2009 Student of the Year

Sean Barbeau 2008 NCTR Student of the YearSean Barbeau – 2009 Student of the Year

NCTR is very proud to select Sean Barbeau as its 2009 Student of the Year. Sean is pursuing a Masters degree in Computer Science and Ph.D. in computer science and engineering at USF and retains a 4.0 GPA in his course work. He is also a member of the research faculty, and has served as the Principle Investigator (PI) or co-PI on a number of NCTR projects during 2008 that focused on innovative uses of Global Positioning System (GPS)-enabled cell phones in order to solve transportation problems. These projects include “Testing the Impact of Personalized Feedback on Household Travel Behavior (TRAC-IT Phase 2),” “Smart Phone Application to Influence Travel Behavior (TRAC-IT Phase 3),” “Enhancing Transit Safety and Security through Wireless Detection and Communication Technologies,” and “Travel Assistant Device (TAD) to Aid Transit Riders with Special Needs.”

Sean’s duties includes the research and development of location-aware cell phone technology, the supervision of six undergraduate and graduate Computer Science students on software engineering project tasks, management of intellectual property produced by the projects, managing the information technology infrastructure for the projects, and maintaining an ongoing relationship with cell phone device and service industry partners. He is a co-founding faculty member of the USF Location-Aware Information Systems Laboratory (LAISL).

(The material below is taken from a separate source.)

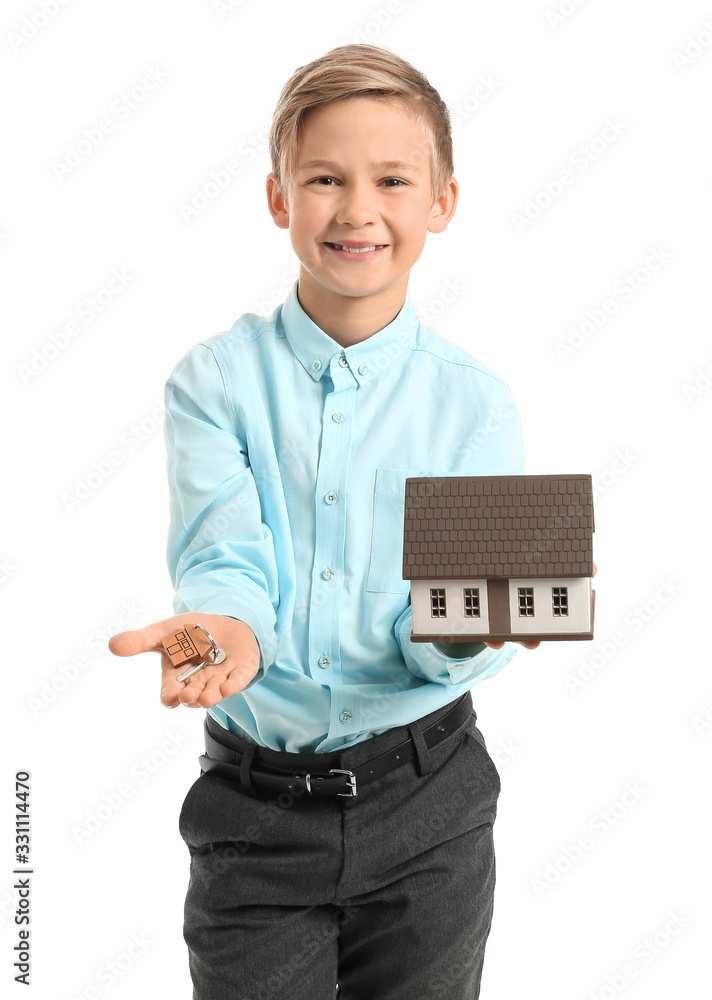 Portrait of little real estate agent with model of house and key on white background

Sean’s contributions to the NCTR projects has been nationally and internationally recognized in 2008 with seven peer-reviewed papers & presentations for a variety of organizations, including the 15th World Congress on Intelligent Transportation Systems, Computer Communications magazine, and UBICOMM 2008 – The Second International Conference on Mobile Ubiquitous Computing, Systems, Services, and Technologies in Valencia, Spain. The “Travel Assistant Device (TAD)” project, aimed to increase the independence and quality of life for special-needs transit riders, continues to receive particular attention and has been recognized in the 2008 TCRP Synthesis 73 – AVL System for Bus Transit: Update, the Microsoft Research Workshop on Intelligent Systems for Assisted Cognition, as well as the local print and broadcast media.

Sean was also a co-recipient of USF’s 2008 Excellence in Innovation Award for the work performed on the NCTR projects along with the other four faculty members of LAISL. In 2008, he had one copyright issued and five patents filed on location-aware technology produced under the NCTR projects. He also continues to serve as a member of the “Java Specification Request (JSR) 293: Location API v2.0” international expert group that is responsible for defining the next-generation software standard for Java Micro Edition (Java ME) for mobile phones.

NCTR appreciates Sean’s dedication to excellence and innovation, and looks forward to his continued contributions to the world of public transportation.